By Steph Wright on February 24 2020 in Society

The second day was known as Tailie Day and it consisted of practical jokes being carried out on a person’s derrière. It’s alleged that the infamous ‘kick me’ sign was born from this tradition.
  • In England and Canada, April Fool's jokes are only carried out until noon.
  • The Korean Royal Family is allowed to play pranks on April 1
  • Portugal's version of April Fool's Day involves throwing flour bombs at unsuspecting friends

April Fool’s Day or All Fools Day has been celebrated across the western hemisphere for centuries. April 1 is a holiday reserved for pulling pranks on friends and family with news outlets famously joining in on the tomfoolery. But what is the origin of April Fool’s Day?

The Tradition Seemed To Start In 1582

Despite its place in history, the origin of April Fool’s Day is unclear.  Some historians suggest that it began with the Ancient Roman renewal festival called “Hilaria” which celebrated the end of the winter equinox and the beginning of Spring. To celebrate, townspeople attended masquerade parties in disguises or in costumes that imitated noblemen.

However, the most widely accepted belief is that the tradition began in 1582. In 1582, Pope Gregory XIII announced the end of the Julian calendar and the beginning of the Gregorian calendar, moving the start of the year from March to January 1. But not everyone got the memo. Those who failed to recognize the change were subjected to jokes and hi-jinks. One popular joke involved placing a paper fish on the back of an unsuspecting victim to symbolize an easily caught or gullible person. They were then referred to as the “Poisson d’Avril” or the “April fish”. This practical joke is still carried out across Europe and Canada to this day.

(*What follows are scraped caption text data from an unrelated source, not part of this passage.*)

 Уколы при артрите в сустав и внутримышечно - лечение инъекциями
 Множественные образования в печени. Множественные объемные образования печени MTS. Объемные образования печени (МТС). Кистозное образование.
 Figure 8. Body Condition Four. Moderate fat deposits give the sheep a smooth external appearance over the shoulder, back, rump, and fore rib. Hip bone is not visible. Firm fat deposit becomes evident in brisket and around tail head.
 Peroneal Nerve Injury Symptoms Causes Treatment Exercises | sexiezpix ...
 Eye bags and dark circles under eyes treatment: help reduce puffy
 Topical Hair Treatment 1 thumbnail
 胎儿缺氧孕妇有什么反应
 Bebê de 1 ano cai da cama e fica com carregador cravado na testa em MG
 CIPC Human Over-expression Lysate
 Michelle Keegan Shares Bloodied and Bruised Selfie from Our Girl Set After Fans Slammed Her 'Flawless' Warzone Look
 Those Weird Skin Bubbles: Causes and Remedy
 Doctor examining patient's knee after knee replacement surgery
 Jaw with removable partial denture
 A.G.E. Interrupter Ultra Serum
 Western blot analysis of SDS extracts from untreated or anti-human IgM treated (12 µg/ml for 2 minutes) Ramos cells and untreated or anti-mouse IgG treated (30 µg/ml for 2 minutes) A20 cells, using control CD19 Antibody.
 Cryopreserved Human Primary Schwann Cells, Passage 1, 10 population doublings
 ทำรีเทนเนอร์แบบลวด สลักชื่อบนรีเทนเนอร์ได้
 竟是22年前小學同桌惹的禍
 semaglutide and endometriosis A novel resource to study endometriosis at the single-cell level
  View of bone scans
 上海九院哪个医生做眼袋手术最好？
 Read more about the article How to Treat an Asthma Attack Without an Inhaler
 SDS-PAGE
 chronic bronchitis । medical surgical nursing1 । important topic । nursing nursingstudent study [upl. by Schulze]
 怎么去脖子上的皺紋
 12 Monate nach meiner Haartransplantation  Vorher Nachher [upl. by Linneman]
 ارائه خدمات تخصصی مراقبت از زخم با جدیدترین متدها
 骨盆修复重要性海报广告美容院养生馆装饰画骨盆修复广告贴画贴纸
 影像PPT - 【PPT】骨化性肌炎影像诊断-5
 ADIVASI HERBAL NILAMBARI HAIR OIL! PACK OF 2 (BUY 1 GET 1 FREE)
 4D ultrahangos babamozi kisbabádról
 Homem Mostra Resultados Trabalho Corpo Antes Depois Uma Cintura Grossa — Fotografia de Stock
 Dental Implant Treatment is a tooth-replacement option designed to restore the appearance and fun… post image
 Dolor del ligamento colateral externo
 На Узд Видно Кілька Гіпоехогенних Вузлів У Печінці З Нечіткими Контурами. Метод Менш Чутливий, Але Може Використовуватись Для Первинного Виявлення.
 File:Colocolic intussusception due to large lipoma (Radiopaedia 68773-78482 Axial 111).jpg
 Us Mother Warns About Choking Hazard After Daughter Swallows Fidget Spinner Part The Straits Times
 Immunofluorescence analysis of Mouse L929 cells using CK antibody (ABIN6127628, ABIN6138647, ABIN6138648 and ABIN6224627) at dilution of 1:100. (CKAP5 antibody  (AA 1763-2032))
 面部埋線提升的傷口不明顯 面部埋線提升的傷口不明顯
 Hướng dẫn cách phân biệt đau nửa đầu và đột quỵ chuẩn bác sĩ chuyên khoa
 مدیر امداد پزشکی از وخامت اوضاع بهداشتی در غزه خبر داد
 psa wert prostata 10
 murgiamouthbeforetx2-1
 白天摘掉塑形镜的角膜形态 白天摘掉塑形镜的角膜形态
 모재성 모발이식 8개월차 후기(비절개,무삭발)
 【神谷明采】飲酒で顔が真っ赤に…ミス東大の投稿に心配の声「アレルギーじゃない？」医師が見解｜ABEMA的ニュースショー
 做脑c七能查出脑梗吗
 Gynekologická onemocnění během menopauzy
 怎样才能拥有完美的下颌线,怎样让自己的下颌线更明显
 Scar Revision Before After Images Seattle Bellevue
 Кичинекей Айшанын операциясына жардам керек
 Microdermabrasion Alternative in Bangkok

In the 17th Century, the tradition made its way to Britain with the first instance of an April Fool’s joke dating back to 1698.  The Dawks’ Newsletter ran an article informing its readers that a select number of people had been invited to the Tower of London to see the “washing of lions”. This was, of course, not true. 

But Scotland took things further in the 18th Century when April Fool’s Day became a two-day affair.

400 Years Later, April Fool's Day Is Still A National Event

Celebrations began with “hunting the gowk”, gowk being Scots for a “cuckoo” or “foolish person”. The “gowk” would be asked to deliver a message that requested the help of the recipient, the recipient would open the message to discover the following rhyme: “dinna laugh, dinna smile, hunt the gowk another mile” which means “don’t laugh, don’t smile, send the fool another mile”. The recipient told the messenger they could only help if the letter was passed on to another person and the cycle was repeated until the messenger realized they were being pranked.  

The second day was known as Tailie Day and it consisted of practical jokes being carried out on a person’s derrière. It’s alleged that the infamous ‘kick me’ sign was born from this tradition.

Over 400 years later and April Fool’s Day is still a permanent fixture in our society with people both carrying out and falling for hoaxes every year. Why not take some inspiration from some of the world’s most memorable jokes? In 1957, the BBC program “Panorama” tricked its viewers into believing spaghetti was grown on trees and in 1996, Taco Bell announced that they were changing the name of the Liberty Bell to the “Taco Liberty Bell”.